The power of Congress to conduct investigations is inherent in the legislative process. That power to initiate inquiries in aid of legislation is broad. And our solons in both houses of Congress are fully aware of this. But, broad as their power of inquiry is, they should remember it is not unlimited. The honorable members of Congress have no general authority to expose in their hearings the private affairs of individuals without justification in terms of the functions of the Legislative branch of government.
Conceding that the recent congressional investigations might be useful in enacting laws, the questions, statements and actuations of some congressmen and senators give rise to more than a suspicion that the primary goal of these committee hearings is lustful exposure rather than getting useful information. Solons in the vogue for telenovelas, for example, gave more time to questions with sexual undertones meant to humiliate and shame somebody in public. And committee members would burst out laughing when the witness responds with lurid details about his private affairs.
Sadly, nobody even bothered to listen to the embattled lady’s reaction. Calling the House justice committee hearing a spectacle full of lies, she said “no woman deserves to be betrayed, to be treated with so much disrespect and without dignity, before the public eye, by any man she is with or had a relationship with.”
A wise man profoundly described the drama that unfolded at the recent House justice committee hearing: “Instead of proving that the lady has committed an atrocious fraud, the solons succeeded in telling the public, on national TV, that the fraud she is accused of is atrocious.” In other words, what the solons have elicited from their star witness can’t stand scrutiny in a court of law.
Congress should avoid slandering a person with the intention of destroying public confidence in that person in its committee hearings. Unfortunately, the honorable members of the House of Representatives and the Senate have shown on national TV that their investigations, in aid of legislation, are way far too different from anything resembling responsible leadership. Needless to say, responsible solons have the ability to transform and enrich the lives and living standards of Filipinos by the quality of laws they pass. How we wish they would focus on the job they were mandated to do.
“All Congresses and Parliaments have a kindly feeling for idiots, and a compassion for them, on account of personal experience and heredity,” wrote an American writer named Samuel Langhorne Clemens, better known by his pen name Mark Twain. He is the same man who claimed that “fleas can be taught nearly anything that a congressman knows.” His observation among American congressmen during his time may prove still universally valid today based on the recent actuations of some of our honorable lawmakers.

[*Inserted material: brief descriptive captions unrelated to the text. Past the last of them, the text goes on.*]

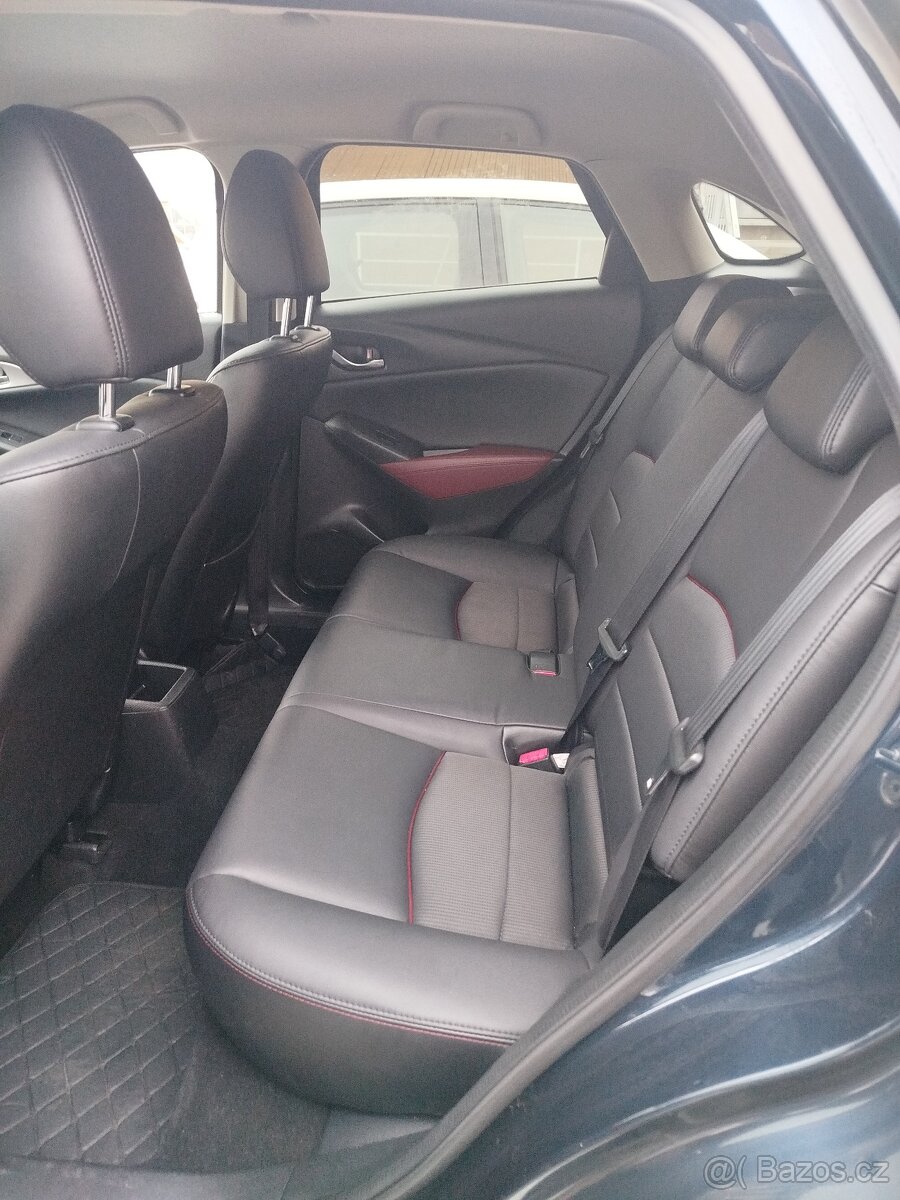 Mazda CX-3 - 11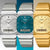 Casio Vintage AQ-240E-3AEF Armbanduhr Silber • Analog-Digital • Retro-modernes Design, Bild 7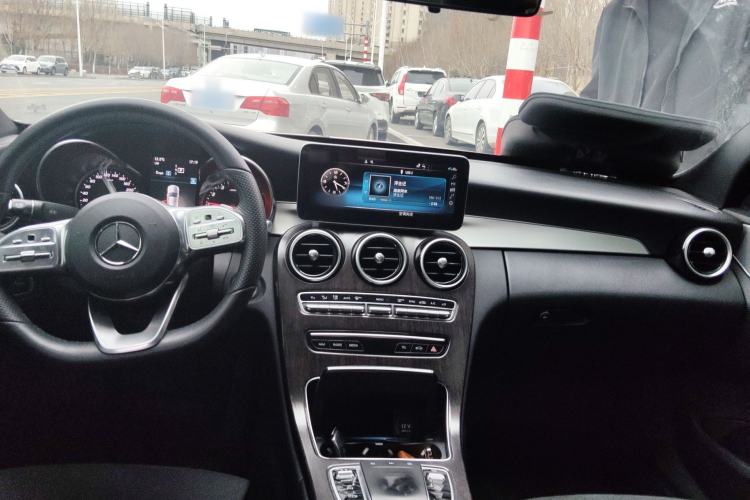 Used Mercedes-Benz C-Class 2019 C 260 Sport Edition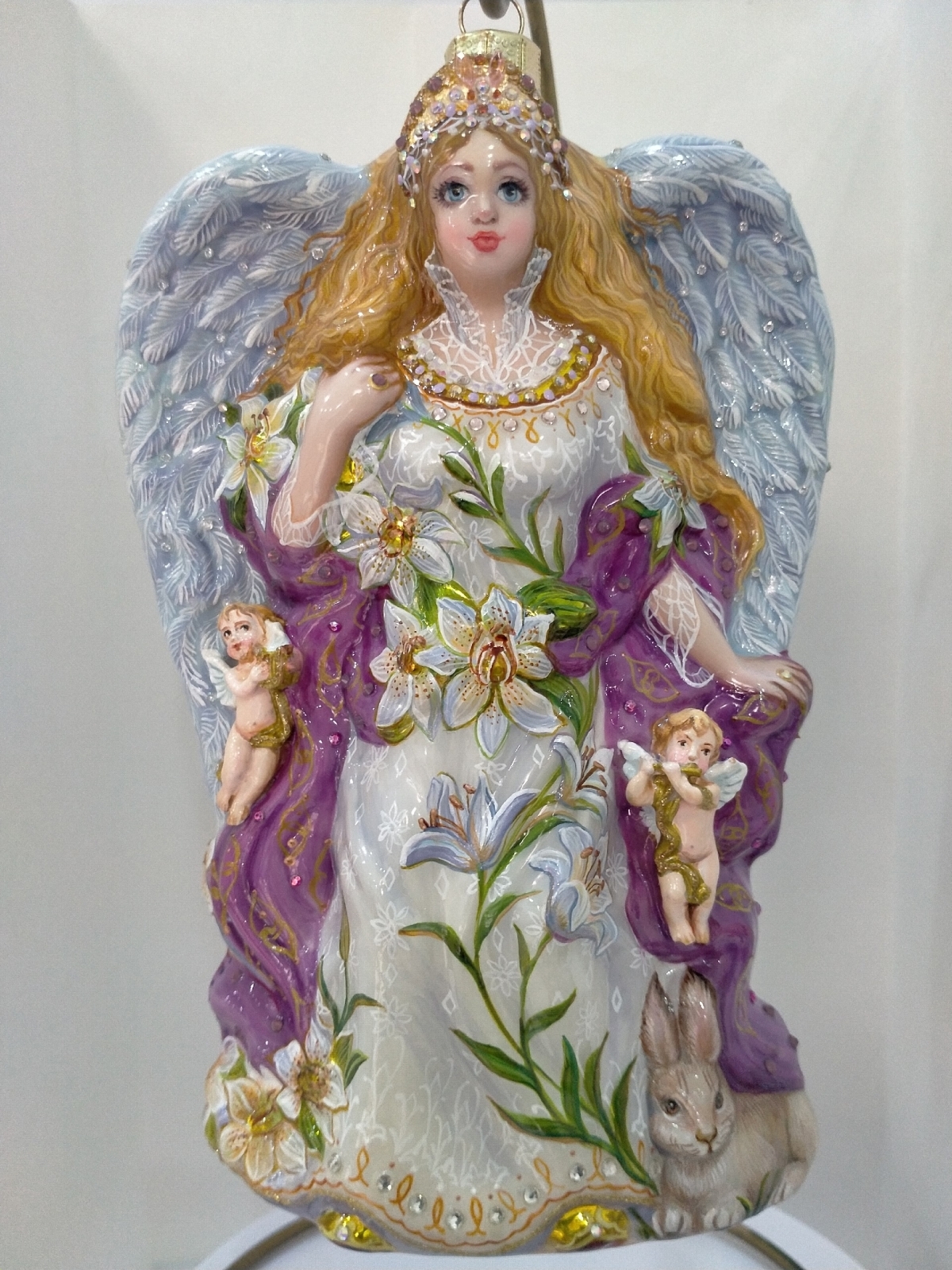 Почти 100 000 руб. за елочную игрушку запросила на Авито нижегородка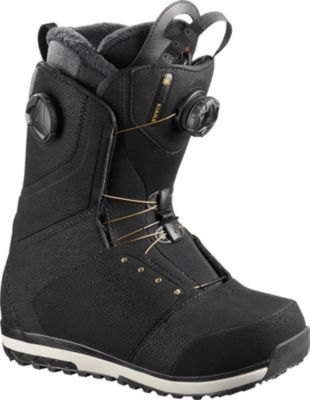 salomon dialogue focus boa snowboard boots 2018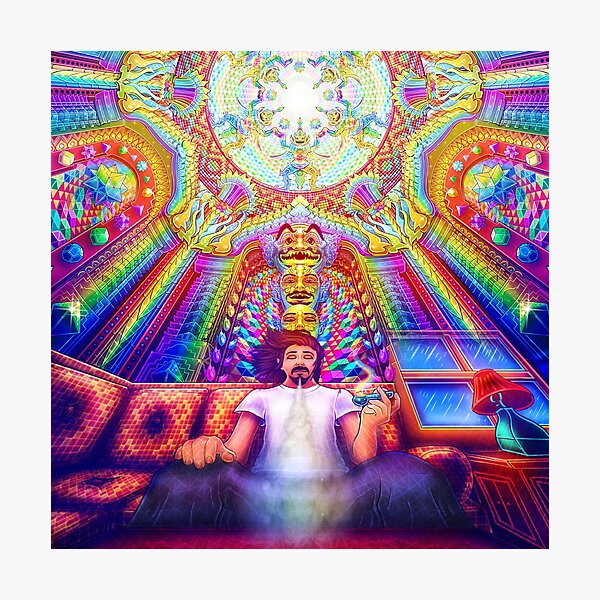 The D33MST3R Photographic Print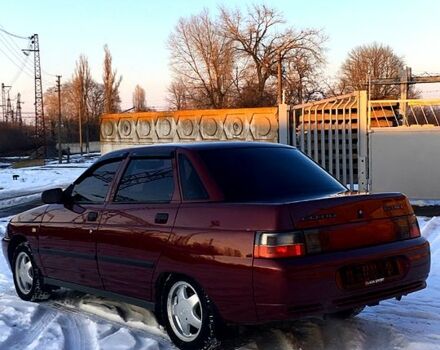 ВАЗ 2110, объемом двигателя 16 л и пробегом 0 тыс. км за 3000 $, фото 4 на Automoto.ua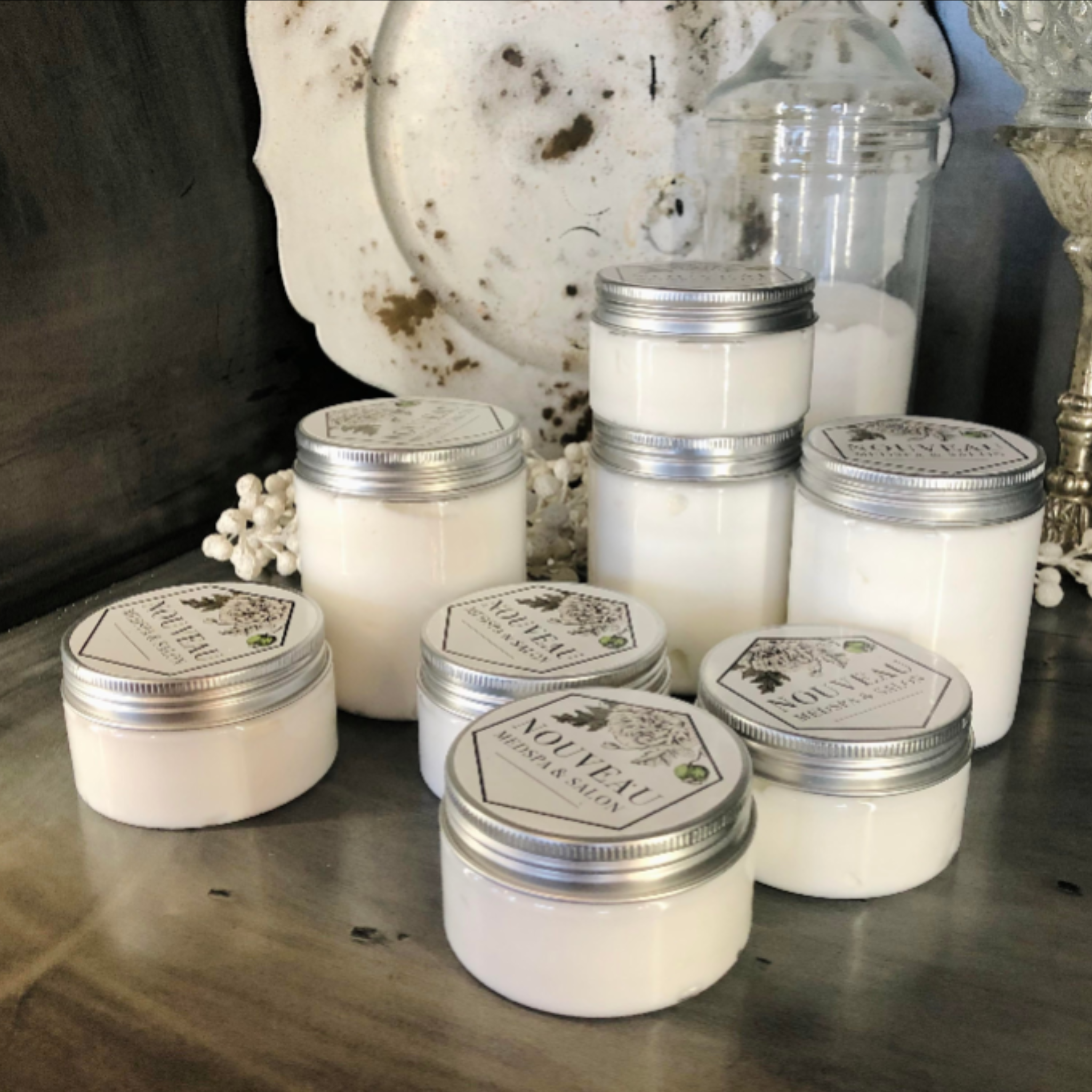 Goat's Milk Hand Cream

There’s a general consensus that people get the kind of leaders they deserve. But how can Filipinos protect a revered institution like Congress from itself when its own members are the ones pulling the wagon down the road to ignominy. We know there are members of Congress who collectively embody the principle of parliamentary accountability. These are the people who can carry with them the spirit of fairness in all the things they do. May their tribe increase.